Japan's Foreign Minister Nobutaka Machimura yesterday urged China to work harder to help end the North Korean nuclear problem, noting the Stalinist state had shown no sign of returning to multilateral talks.
"People in the US administration suspect China is not doing much" in order to solve the standoff, the minister said in a televised debate on public broadcaster NHK.
"It is important that China ... tackle this issue seriously and exert a greater influence, though I believe they have made efforts in the past," he said.
China, North Korea's closest ally, urged Japan and North Korea last week not to do anything to complicate the resumption of international multi-party nuclear talks, cautioning Tokyo against imposing sanctions on Pyongyang.
North Korea says it would regard any sanctions imposed on it by Japan as a declaration of war and would hit back with an "effective physical" response.
Many Japanese support sanctions after North Korea provided Tokyo with the wrong ashes to support its claim that two Japanese it kidnapped during the Cold War had since died.
Machimura told NHK that "there has been no sign from them that they would agree" to the resumption of talks, also involving South Korea, China, Russia and the US.
But the Japanese minister warned the nuclear issue would not be allowed to drag on for many years.
If the issue prolongs further, "it would become inevitable that the issue would go to the Security Council and that the United Nations will take severe measures, including sanctions," he said.
"They should recognize the time given to North Korea is actually not so long," he said, while adding Japan did not have specific plans to bring the nuclear issue to the UN at present.
Three rounds of six-way talks to end North Korea's nuclear ambitions have taken place since the standoff erupted in October 2002.
North Korea boycotted a fourth round of the talks scheduled for Beijing in September, citing Washington's "hostile policy" toward the communist state.
Citing outgoing US deputy secretary of state Richard Armitage, a ruling-party lawmaker, said Washington would support Japan if it imposed sanctions.
"Mr.
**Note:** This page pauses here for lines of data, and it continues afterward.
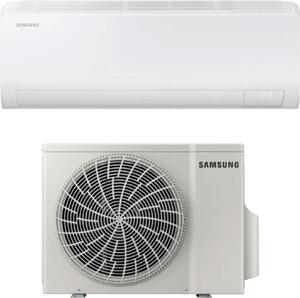 Samsung Climatizzatore 15000 btu Inverter Monosplit Condizionatore con Pompa di Calore Classe A++/A+ Gas R32 WIFI (Unit Interna + Unit Esterna) -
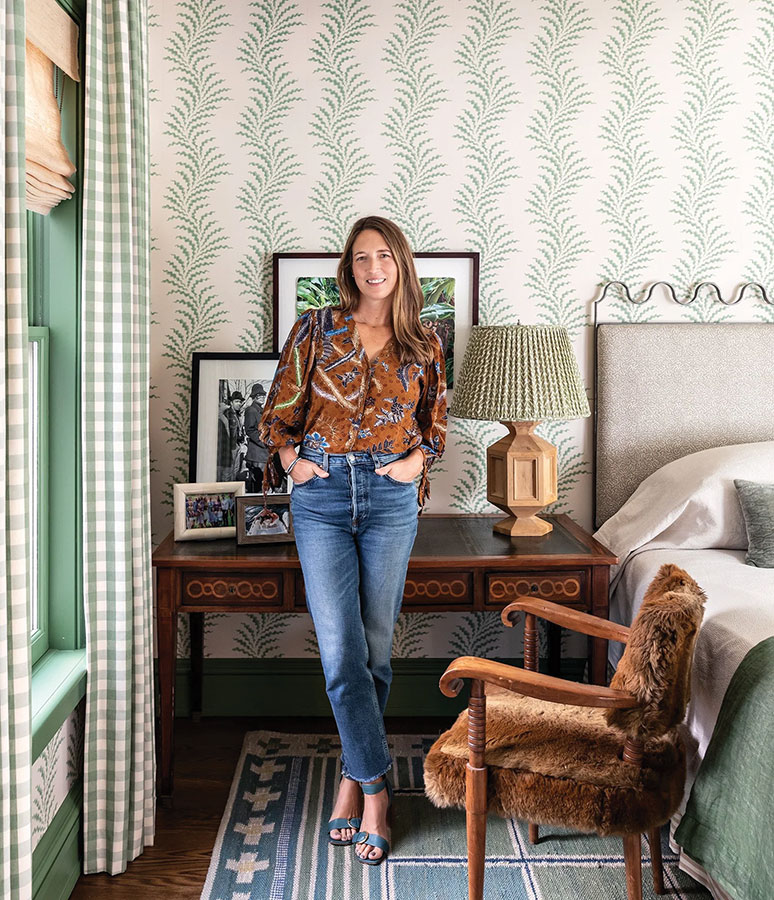 Shop Talk: Marquet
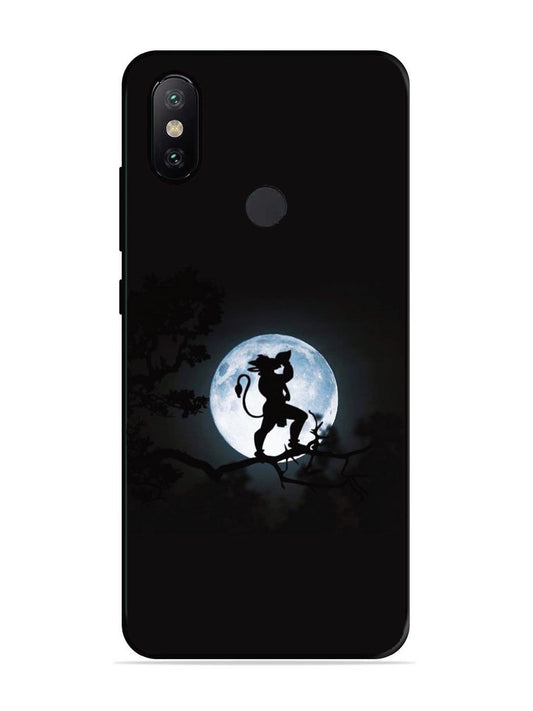 XIAOMI MI A2 Hanuman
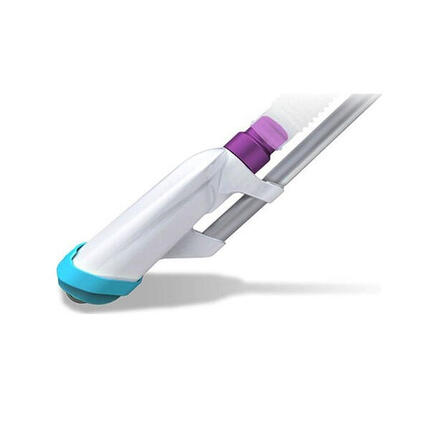 Aspirateur de piscine manuel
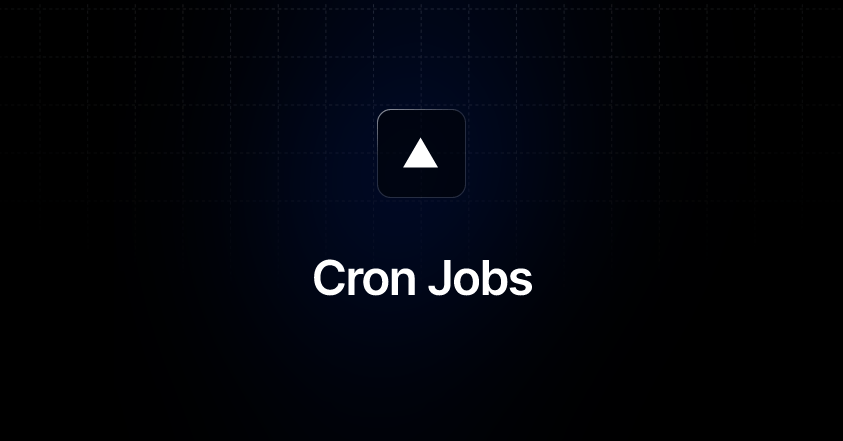 Cài đặt cron job cho dự án nextjs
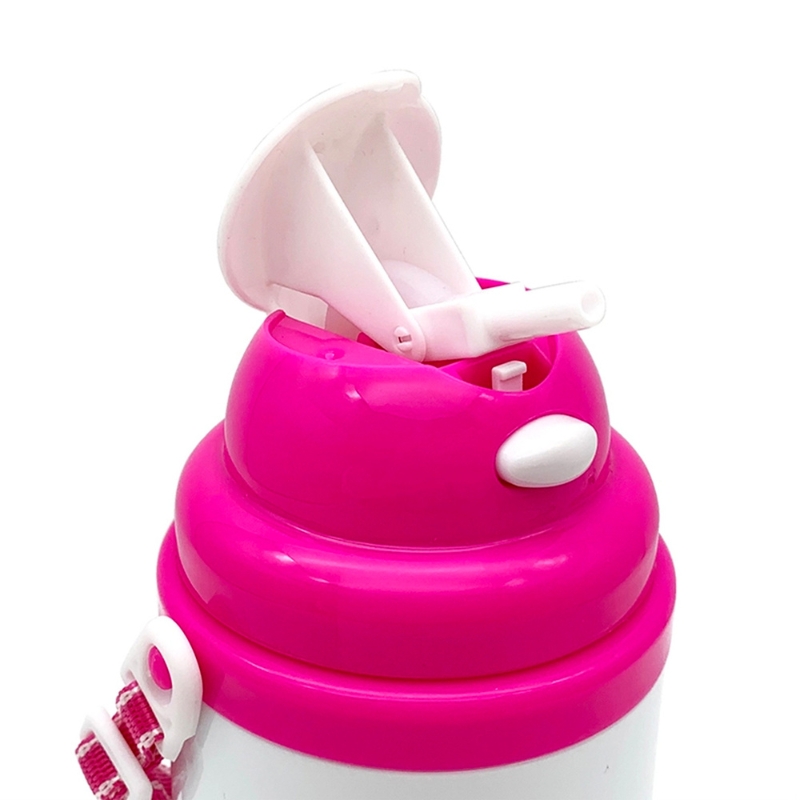 Sublimation Kids Water Bottle-500ML - Gallery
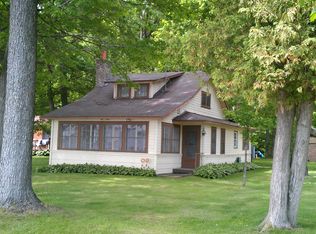 W5013 Stark Rd, Shawano, WI 54166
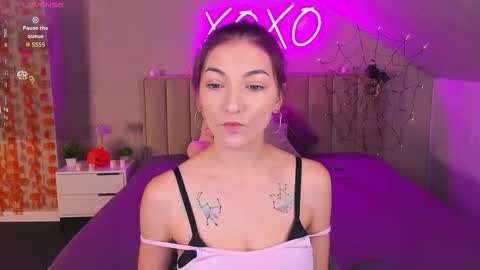 Snapshot of rose_dixon chatting on November 5, 1:27 am Kimberlly online show from November 5, 1:27 am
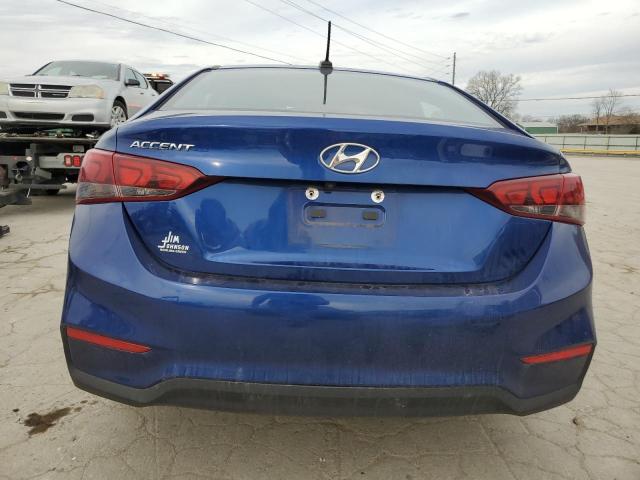 Photo 6 from auction – 2019 HYUNDAI ACCENT SE with VIN 3KPC24A39KE055905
Armitage clearly told me ... the true intention of the United States is that they support Japanese economic sanctions" no matter whether they would be mild or severe, Takeo Hiranuma said.
Hiranuma, chairman of a parliamentarian group for kidnap victims pushing for sanctions against Pyongyang, made the remark in a interview on the private Asahi network after meeting US officials.
It contradicted a briefing last week by Yuriko Koike, the state minister in charge of frontier territories who said Armitage and Michael Green, the Asia chief of the US National Security Council, had voiced caution to sanctions.
As for a Japanese newspaper report Saturday that US President George W. Bush would not aim to topple the regime of Kim Jong-Il in his second term, Hiranuma said he had the same impression from meetings with US officials.
"I got the impression that they would not take tough measures that would ruin the window [of dialogue] completely as they have six-party talks with Kim Jong-Il for now," he said.
In a new bid to increase pressure on North Korea, Japan would soon start work to prepare a Japanese version of US law aimed at improving human rights in North Korea, the Nihon Keizai Shimbun said yesterday.